Jane Austen and the Craftsman's Mindset
Skills trump passion, yes, but passion still has its role.
She was about twelve when she got down to serious work on her craft.
The evidence is in the three vellum notebooks that are still preserved, one in Oxford’s Bodleian Library, the other two in the British Library in London.
In the first notebook, as Paula Byrne explains, Jane Austen wrote her first little stories, plays, poems, and satires.[1] The second notebook contains two epistolary novelettes, a parodic “History of England,” while the third notebook contains a fragmentary story called “Evelyn” and the much longer, though still unfinished, “Catharine, or the Bower.”
The cover of each notebook is given a title such as that found on your typical 18th- and 19th-century three-part novel: Volume the First, Volume the Second, and Volume the Third. She learned her craft by doing what any craftsman does: imitating the masters. Byrne estimates that the writings in these three vellum notebooks amount to some 90,000 words. From the first Jane Austen had a craftsman’s mindset.
The Craftsman’s Mindset: Six Characteristics
The craftsman’s mindset is essential not only to the making of the greatest art, like Jane Austen’s novels, but also to doing any kind of great work.
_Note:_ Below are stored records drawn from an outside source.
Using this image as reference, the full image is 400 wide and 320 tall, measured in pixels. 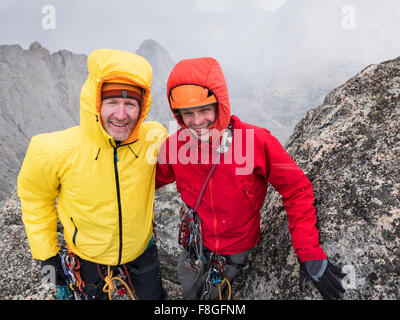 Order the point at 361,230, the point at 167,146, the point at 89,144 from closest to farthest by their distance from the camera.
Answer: the point at 361,230 < the point at 89,144 < the point at 167,146

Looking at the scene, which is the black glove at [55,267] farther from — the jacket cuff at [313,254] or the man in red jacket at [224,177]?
the jacket cuff at [313,254]

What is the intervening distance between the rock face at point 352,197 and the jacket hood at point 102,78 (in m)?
2.16

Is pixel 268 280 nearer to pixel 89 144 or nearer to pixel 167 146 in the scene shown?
pixel 167 146

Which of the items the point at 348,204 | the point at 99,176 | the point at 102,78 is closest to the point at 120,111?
the point at 102,78

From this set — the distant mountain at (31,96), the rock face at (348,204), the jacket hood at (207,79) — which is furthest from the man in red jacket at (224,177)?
the distant mountain at (31,96)

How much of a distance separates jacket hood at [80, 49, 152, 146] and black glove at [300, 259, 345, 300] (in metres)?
2.25

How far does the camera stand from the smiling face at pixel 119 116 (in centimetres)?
246

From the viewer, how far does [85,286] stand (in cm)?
304

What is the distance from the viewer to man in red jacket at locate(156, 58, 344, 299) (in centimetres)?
227

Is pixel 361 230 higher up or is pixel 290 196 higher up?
pixel 290 196

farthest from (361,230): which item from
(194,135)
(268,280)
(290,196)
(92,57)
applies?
(92,57)

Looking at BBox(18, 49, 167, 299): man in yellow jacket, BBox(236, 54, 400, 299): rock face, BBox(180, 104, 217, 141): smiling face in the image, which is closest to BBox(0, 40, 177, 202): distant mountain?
BBox(18, 49, 167, 299): man in yellow jacket

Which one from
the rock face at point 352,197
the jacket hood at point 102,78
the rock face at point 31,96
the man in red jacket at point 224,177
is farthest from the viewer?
the rock face at point 31,96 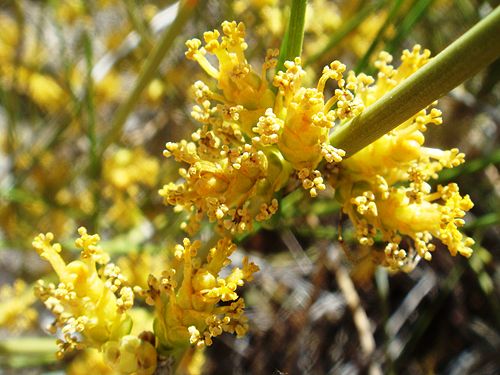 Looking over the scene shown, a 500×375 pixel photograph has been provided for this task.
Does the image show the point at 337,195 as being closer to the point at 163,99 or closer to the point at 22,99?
the point at 163,99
Further, as both Matthew Crawford and Cal Newport have argued, the craftsman’s mindset is essential to cultivating habits of attention able to resist the incessant encroachments of digital technology.[2]
What are the characteristics of the craftsman’s mindset? The craftsman looks at his or her work in the following way:
1. There is, first, a community of masters and apprentices, otherwise known as a practice, where apprentices undergo a regimen of training designed to help them achieve mastery in the acting craft and, through the craft, be of service to the world.
2. There is thus in a practice an authoritative structure to which the apprentice must submit in order to develop mastery in the practice. As this authoritative structure persists over time it becomes a tradition (from the Latin tradere = to hand over).
3. There is a body of knowledge, a know-how, that the masters pass on to the apprentices. In Taika Waititi’s hilarious comedy, Hunt for the Wilderpeople, knowledge of how to survive in the New Zealand bush is called, simply, “the knack.” To gain a certain knack is the point of a practice.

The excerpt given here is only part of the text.